CREATE TABLE pages (
    id INTEGER PRIMARY KEY,
    notebook_id TEXT,
    page INTEGER,
    date_written TEXT,
    transcription TEXT,
    diagram_description TEXT,
    image_path TEXT,
    metadata JSON
);
 
CREATE VIRTUAL TABLE pages_fts USING fts5(
    transcription,
    diagram_description,
    content='pages',
    content_rowid='id'
);

Now I can search for things like all pages about elemental magic or all maps with mountain ranges. It's instant and strangely satisfying to use.

These notebooks aren't valuable to anyone else. They're messy and half formed. But they're a clear record of who I was before I knew what I was doing. A kid trying to build things he didn't have the skills for yet, someone who thought putting a dungeon inside a giant crab made perfect sense. Digitising them gives that version of me a bit of dignity, and even if the handwriting is still hard to look at, at least now the pages live somewhere safe instead of falling apart in a box.

Six notebooks done, three left at the time of writing.
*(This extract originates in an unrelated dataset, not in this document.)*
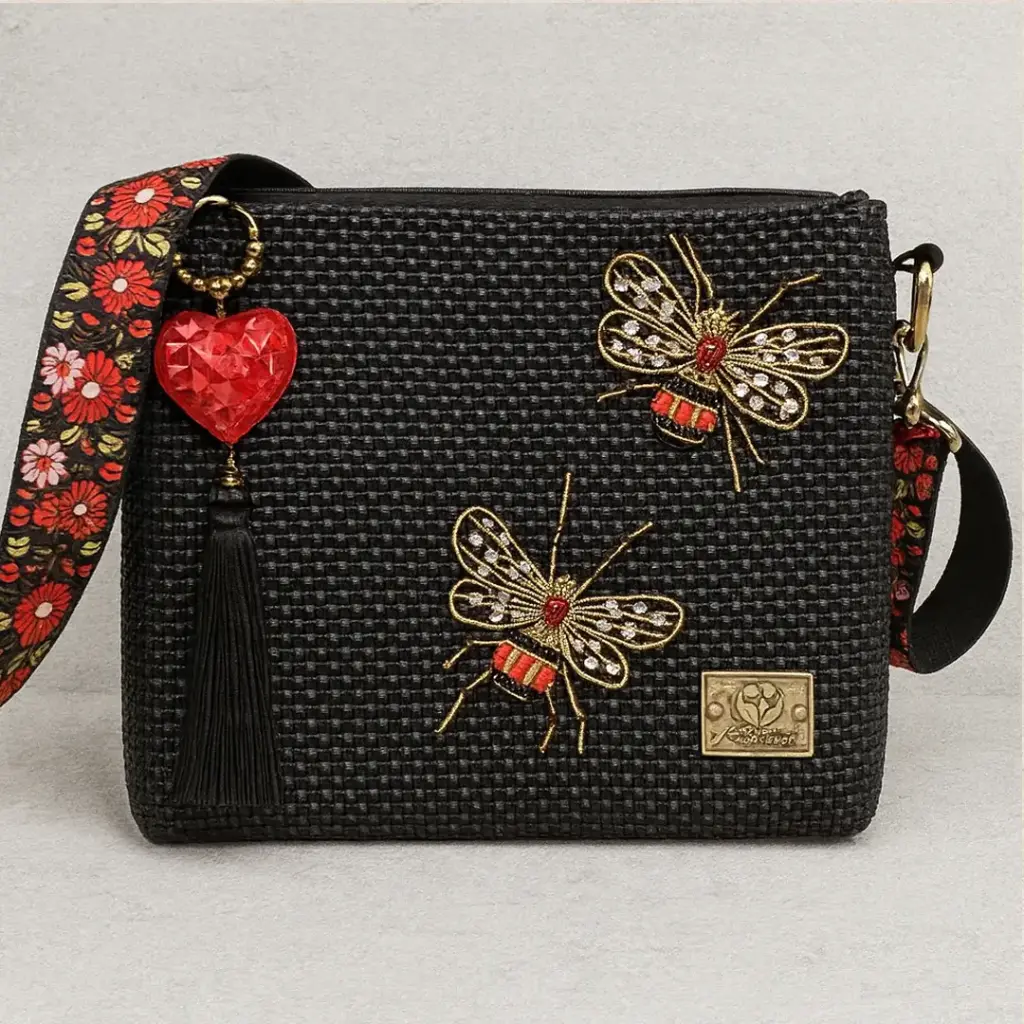 Bolsa Artesanal Yitin Ánuá – Abejas Doradas en Negro (Crossbody)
The pipeline works well for something I threw together over a few evenings, and I'm curious to see what else shows up in the remaining pages. The total cost so far is only a few dollars in API calls and some late nights. Cheaper than a fancy coffee. The memories were worth it!

Update July 15: All nine notebooks finished. About ten EUR and maybe twenty hours of work total. Absolutely worth it!